NOTE: Among mouse strains there are genotype- and state-specific differences in EEG power expressed as a percentage of the total power16. In B6 mice, states of wakefulness are characterized by a 75−100 mV, mixed frequency EEG, and by EMG signals showing prominent muscle tone with large increases in amplitude during movement. Criteria for scoring NREM sleep include a reduction in EMG amplitude relative to the EMG amplitude of wakefulness. The NREM sleep EEG has a slower frequency and increased amplitude (100−150 mV) compared to wakefulness. REM sleep is characterized by muscle atonia and an EEG signal that is similar to the EEG of wakefulness.

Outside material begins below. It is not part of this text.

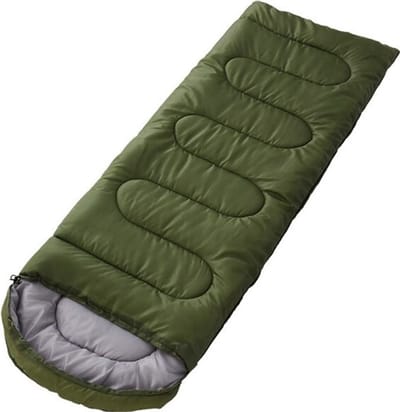 LISM-Slaapzak, ultralichte kampeerslaapzak, waterdicht, verdikt, warme winterslaapzak, volwassen maat, outdoor kampeerslaapzak, groen - grote maat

- Instruct two individuals to independently score the same record. At least one individual should be blinded to the treatment condition. Concordance values between the two sleep scorers should be greater than 90%.
2. Facilities and Equipment
- Amplify and digitize unfiltered EEG and EMG signals using data acquisition instrumentation and software.
NOTE: The Chronux Spectral Analysis Toolbox developed in the Mitra Laboratory at Cold Spring Harbor Laboratory is used to express EEG signals as power in relation to time and frequency domains.
3. Spectrogram Computation
- If a Windows user, use the compiled program.
- If a Macintosh user, run the raw code file.
- Obtain raw, unprocessed EEG data in either EDF or CSV file format and place it in the same location as the compiled program file.
- Name the data files using the following constraints: names must consist of only letters, numbers, underscores, or dashes.
- Name the data files using the following constraints: filenames must not contain periods, commas, spaces, or any other symbols.
- Download the compiled Multitaper Spectrogram Program (https://drive.google.com/ or contact C. O'Brien at email@example.com).
- Launch the spectrogram program and follow the pop-up prompts. Choose file type: *.CSV or *.EDF.
NOTE: Further program installation details are located in the readme.txt file.
- Type the entire EEG file name (e.g., 419eeg.edf or 419.eeg.csv).
- Select parameters for spectrogram calculation: Default or New. This step requires the longest processing time as the spectrogram is being computed. The mathematical windowing function (taper) provides statistically-independent estimates of the underlying spectrum. The longer the recording duration, the longer this step will take. On a PC platform running Windows 10 this required a maximum of about 3−4 min for a 4 h recording.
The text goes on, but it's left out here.